Vulcans in a social media world
As we have seen through this chapter, many of our copycat behaviours are the outcome of evolutionary forces from millennia before we invented the modern technologies dominating our lives today.41 These evolved behaviours helped us to survive in the small social groups characteristic of primitive hunter-gatherer settings. They also helped us to learn more effectively, because in small groups, individuals were better able to observe and monitor their peers’ behaviour. Emotions, for example impulsivity, helped us to survive in harsh natural environments where basic resources were often scarce and perishable. Quick action was essential to avoid starvation. So, limbic structures in the brain evolved to encourage impulsive emotional responses, including impulsive collective herding.

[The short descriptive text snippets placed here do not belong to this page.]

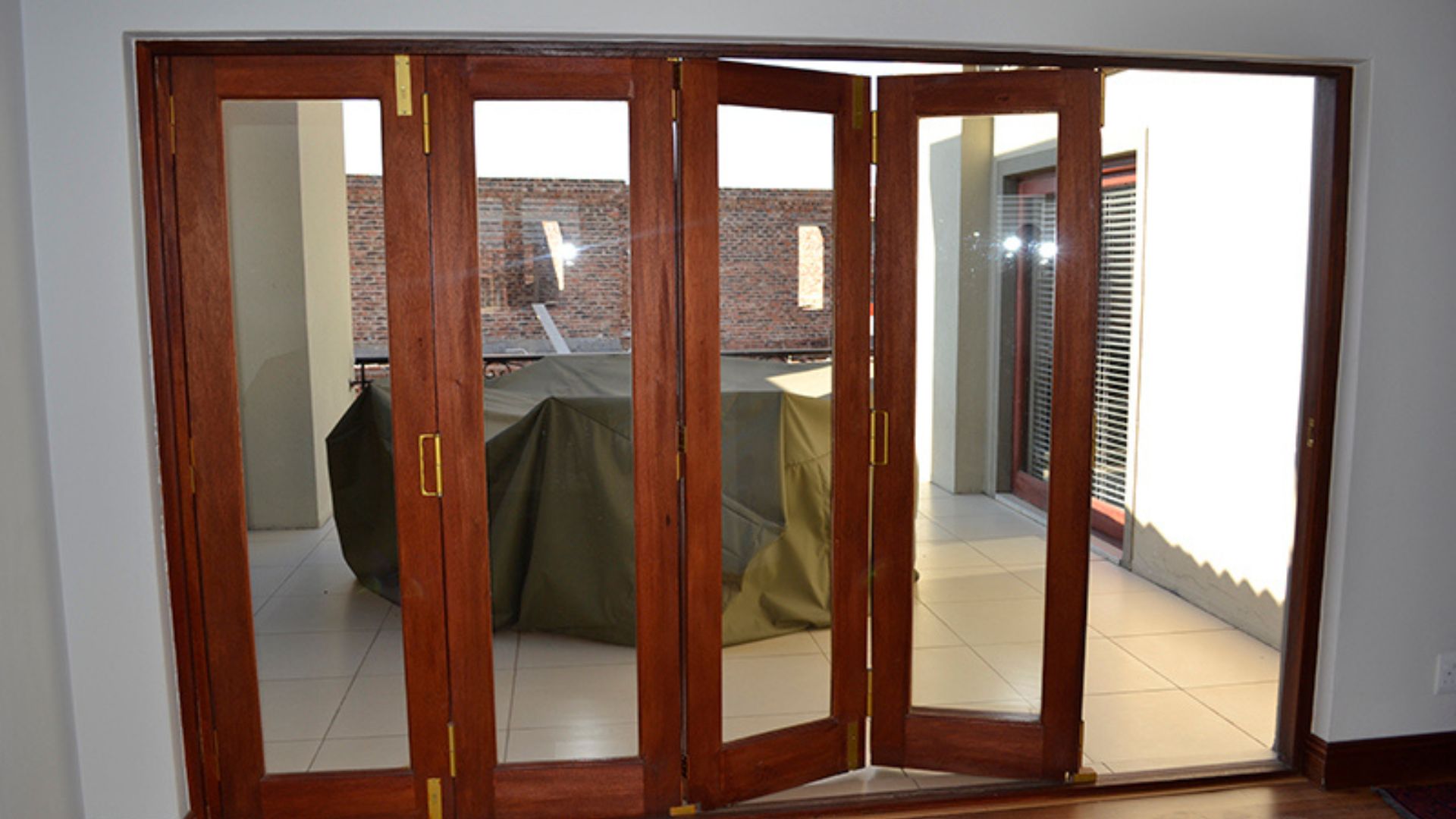 Aluminum doors vs wooden doors What to choose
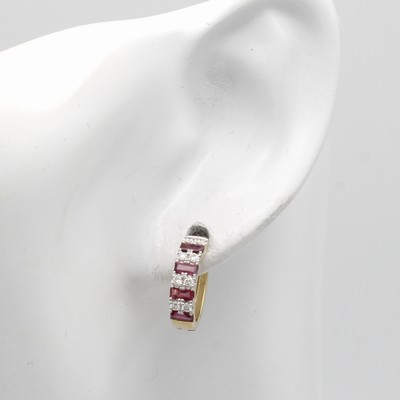 27091508a - Paar Creolen mit Rubinen und Brillanten, GG 585/000, 16 Brill. zus. ca. 0.32 ct feines ...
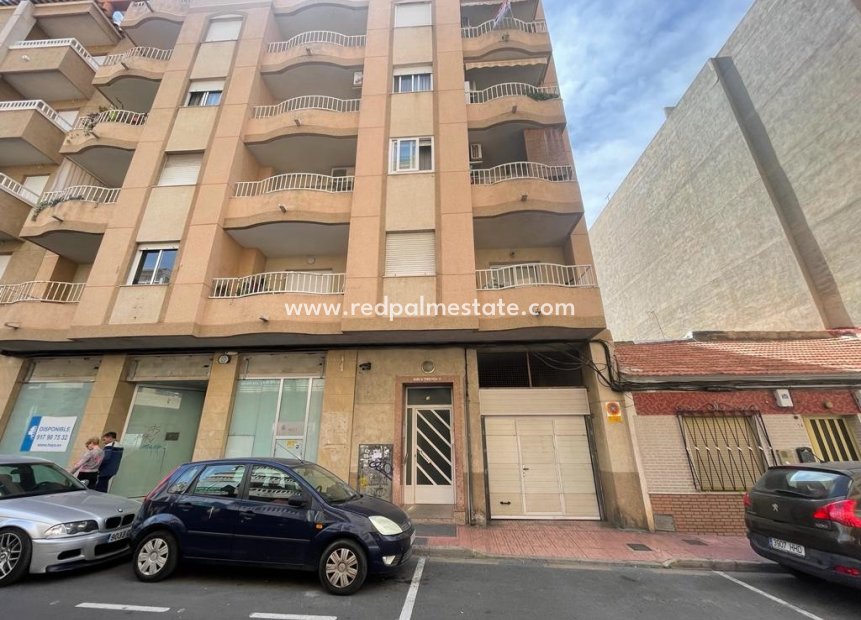 Resale - Apartment Penthouse -
Torrevieja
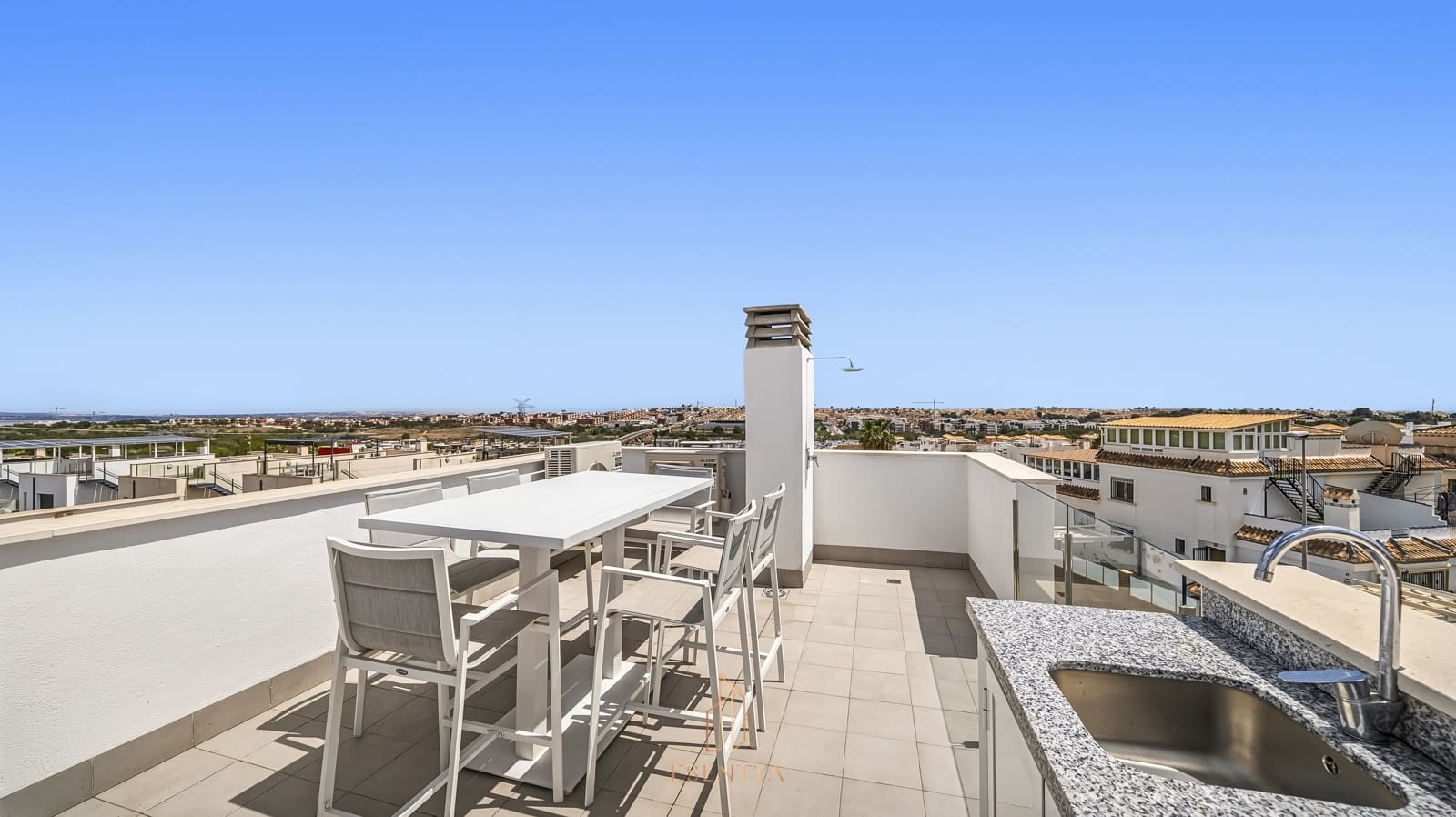 3 slaapkamer Villa te koop in Orihuela Costa met zwembad garage - € 440.000 (Ref: 9802982)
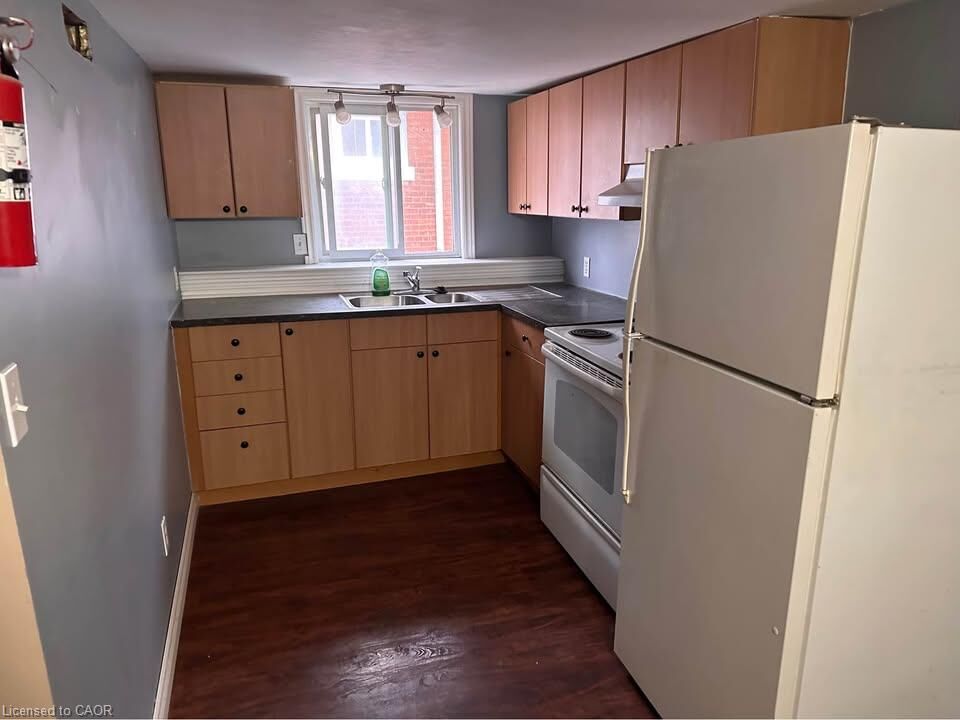 Property Photo:  78 Richmond Street Upper  ON N3T 3Y5 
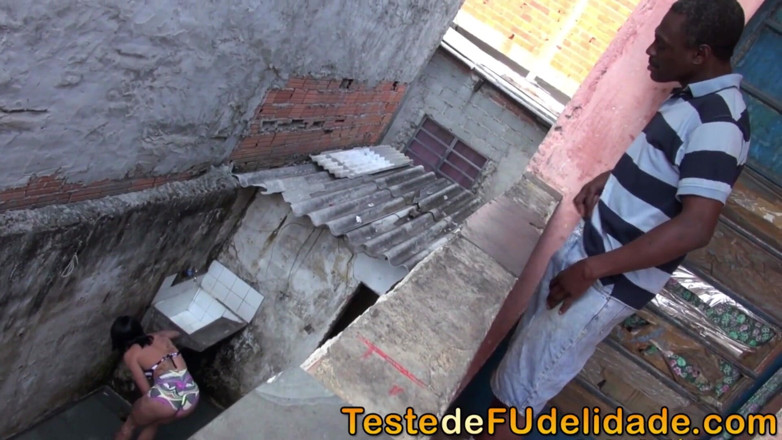 Teste de Fudelidade: Fucking the Neighbor's Hot Girl in the Favela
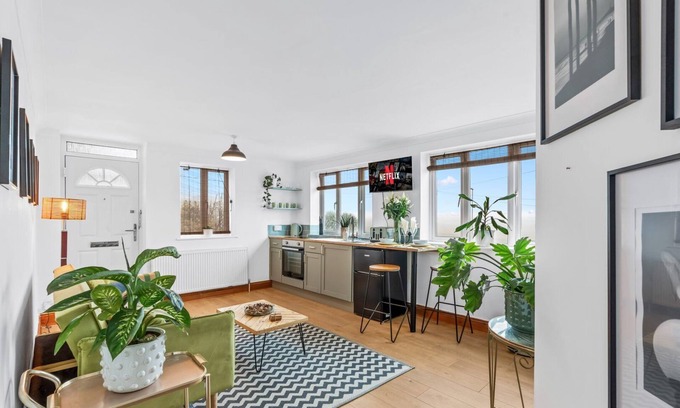 Woodingdean Apartment | Cozy Brighton Escape | Countryside Views & Parking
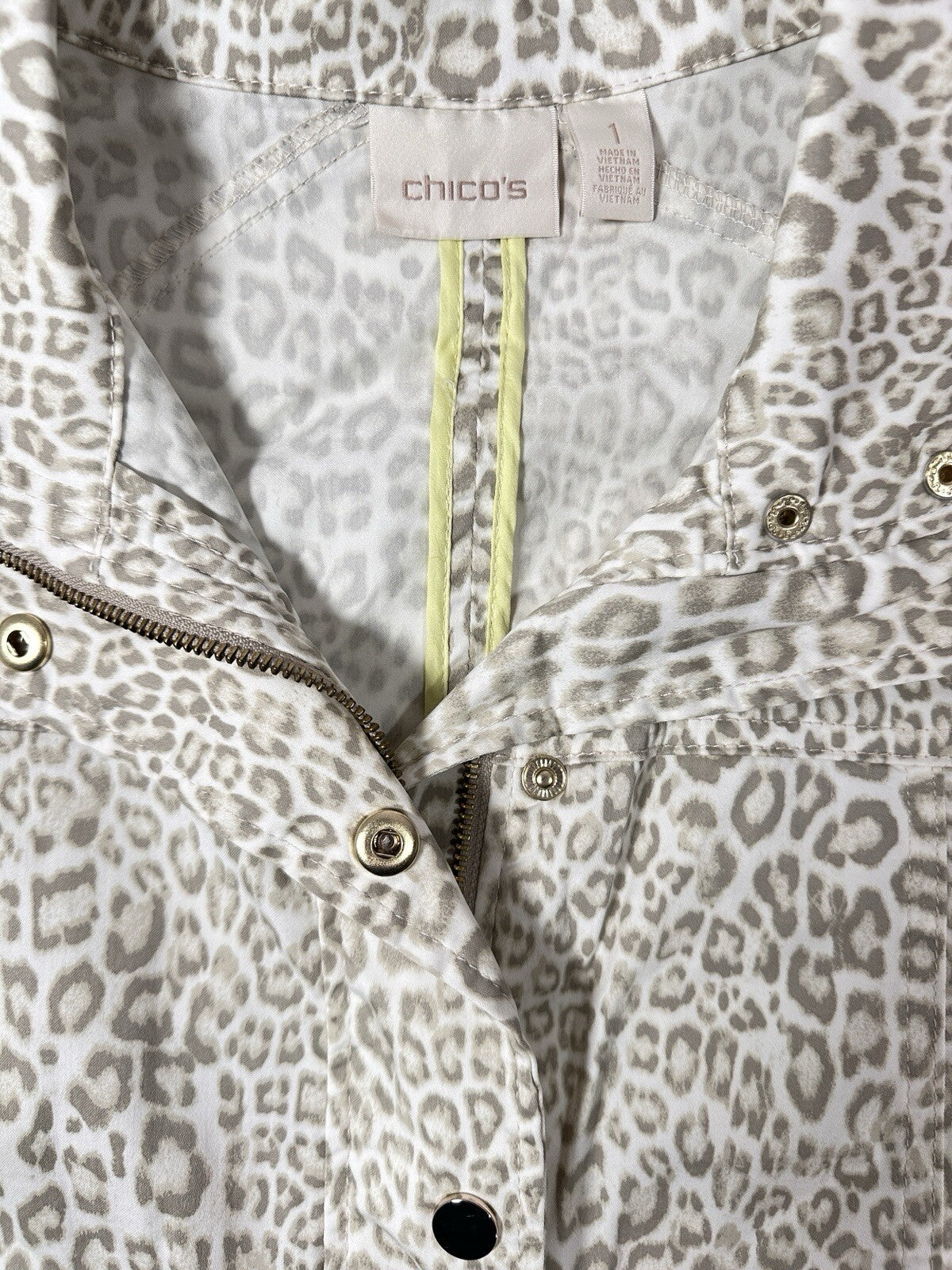 Chicos Luxe Twill Utility Jacket Size 1 US Medium Animal Print Full Zip Womens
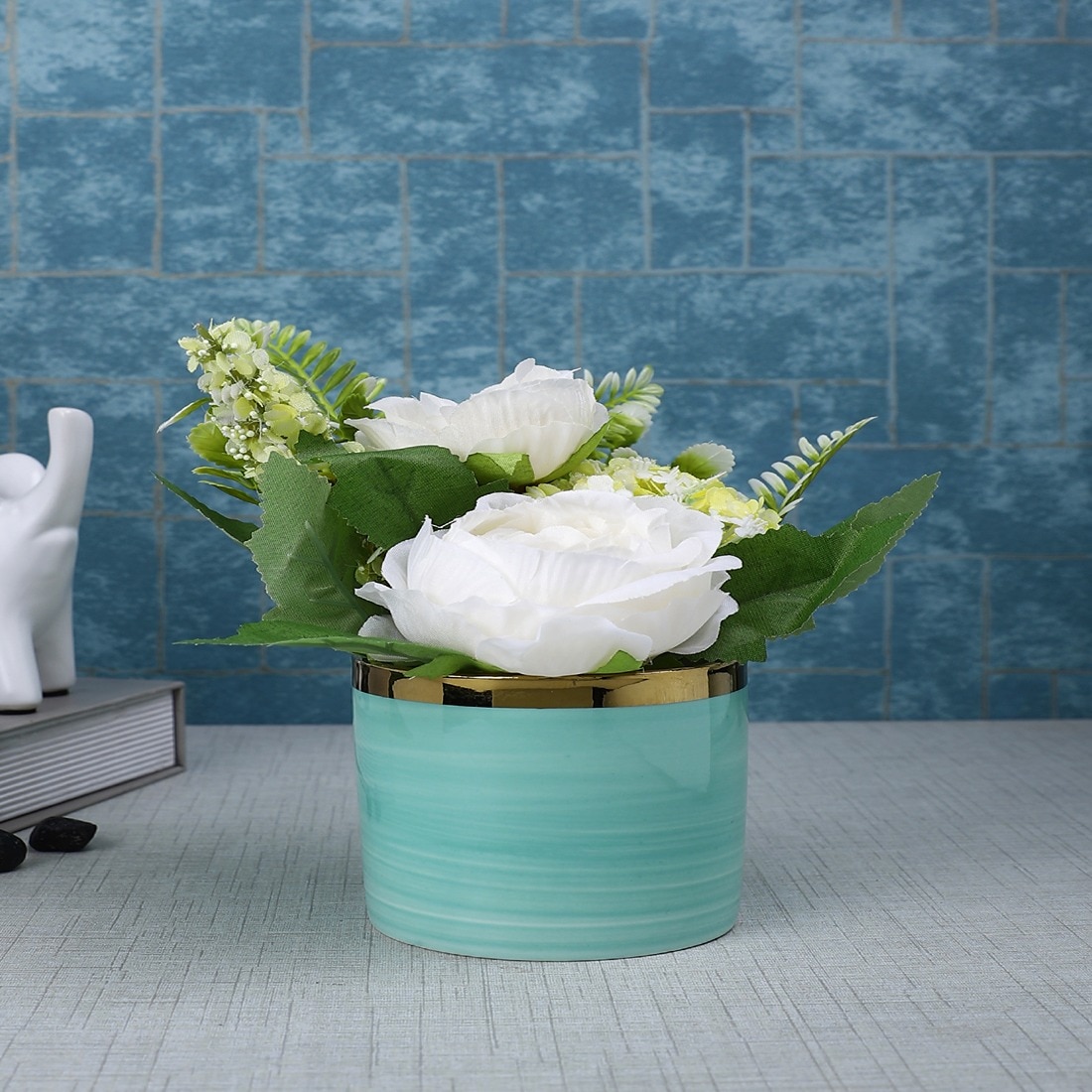 Highly Attractive White Rose With A Ceramic Pot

Imitation allows good ideas and important information to move quickly through species of copycats.42 A similar phenomenon is observed at an emotional level. In both monkeys and humans, emotions can travel fast. Emotional contagion is observed in children when they cry, and in adults when caught in disaster scenarios. Mourners’ emotions – for example, those felt by the throngs that gathered outside Buckingham Palace after Princess Diana’s death, as described in the introduction – are another example of how emotions spread in mobs and crowds. These epidemic emotions may serve as an important survival mechanism. Emotions are driven by System 1 thinking and we process them quickly. Emotional contagion is beyond our conscious control and spreads through crowds involuntarily. Waves of emotion can rapidly wash over a group giving each individual a signal, for example to flee or fight. In this way, emotional contagion can help animals to survive by allowing rapid, unconscious responses without requiring any conscious coordination by any single individual – useful in emergency situations. Neuroscientist Ramsey Raafat and his colleagues have suggested that emotional contagion specifically, and social contagion more generally, may have evolutionary value because they enable emotions to ripple quickly through crowds of copycats, reinforcing societal norms.43
Are our primitive evolved instincts to copy and follow a problem? In simple hunter-gatherer communities, the likelihood of divergence between individual and group interests was small. Any individual exhibiting deviant behaviours would be quickly noticed and ostracised or excluded. Over the course of human history and with the growth of civilisation, however, individual and social interests have diverged, a divergence which has intensified with the rise of the twentieth- and twenty-first-century technologies, especially those associated with computerisation and globalisation. These have profound implications for our daily lives, but they have developed in a millisecond relative to evolutionary time. We have not had chance effectively to adapt our behaviour, including our herding tendencies, to modern institutions like markets and government, and modern artefacts such as money and computers.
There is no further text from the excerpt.